The redundancy indicator for road transport network junctions is based on the entropy concept, due to its ability to measure the system configuration in addition to being able to model the inherent uncertainty in road transport network conditions. Various system parameters based on different combinations of link flow, relative link spare capacity and relative link speed were examined. The developed redundancy indicator covers the static aspect of redundancy, i.e. alternative paths, and the dynamic feature of redundancy reflected by the availability of spare capacity under different network loading and service level.
The vulnerability indicator for road transport network links is developed by combining vulnerability attributes (e.g. link capacity, flow, length, free flow and traffic congestion density) with different weights using a new methodology based on fuzzy logic and exhaustive search optimisation techniques. Furthermore, the network vulnerability indicators are calculated using two different aggregations: an aggregated vulnerability indicator based on physical characteristics and the other based on operational characteristics.

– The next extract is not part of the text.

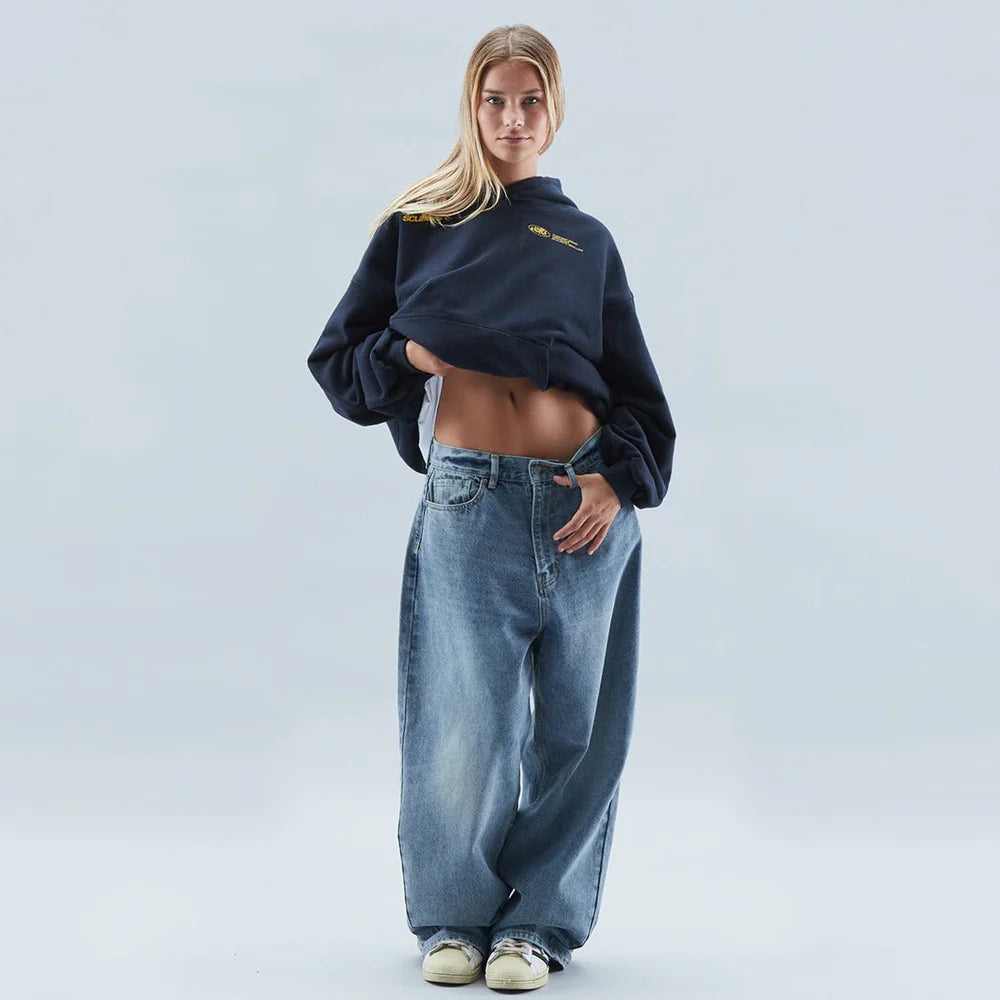 Comfortable women's oversized graphic pullover hoodie, ideal for casual wear and relaxed fashion.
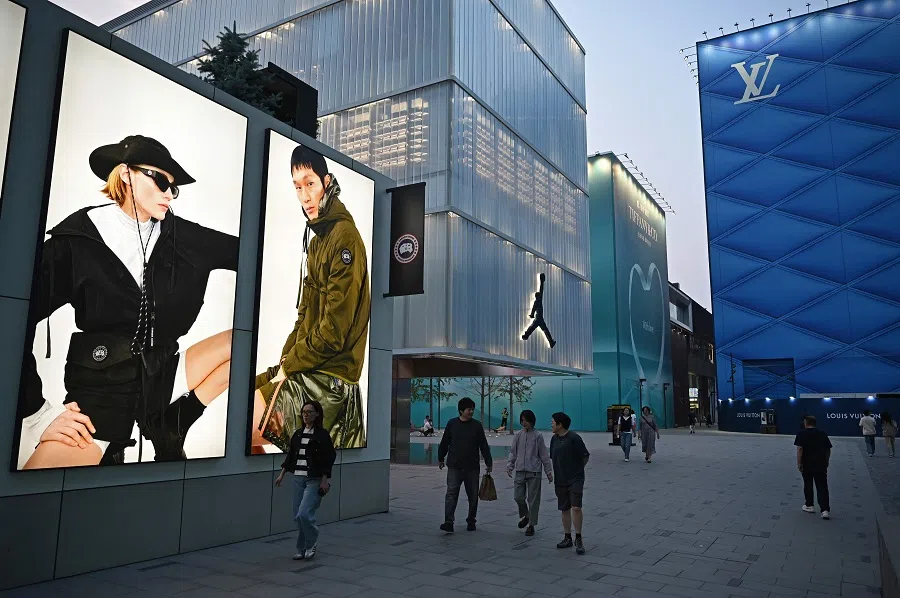 People walk outside a shopping mall in Beijing on 21 May 2025.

The mobility indicator for road transport networks is formulated from two mobility attributes reflecting the physical connectivity and level of service. The combination of the two mobility attributes into a single mobility indicator is achieved by a fuzzy logic approach.
Finally, the interdependence of the proposed characteristics is explored and the composite resilience index is estimated from the aggregation of the three characteristics indicators using two different approaches, namely equal weighting and principal component analysis methods. Moreover, the impact of real-time travel information on the proposed resilience characteristics and the composite resilience index has been investigated.
The application of the proposed methodology on a synthetic road transport network of Delft city (Netherlands) and other real life case studies shows that the developed indicators for the three characteristics and the composite resilience index responded well to traffic load change and supply variations. The developed composite resilience index will be of use in various ways; first, helping decision makers in understanding the dynamic nature of resilience under different disruptive events, highlighting weaknesses in the network and future planning to mitigate the impact of disruptive events. Furthermore, each developed indicator for the three characteristics considered can be used as a tool to assess the effectiveness of different management policies or technologies to improve the overall network performance or the daily operation of road transport networks.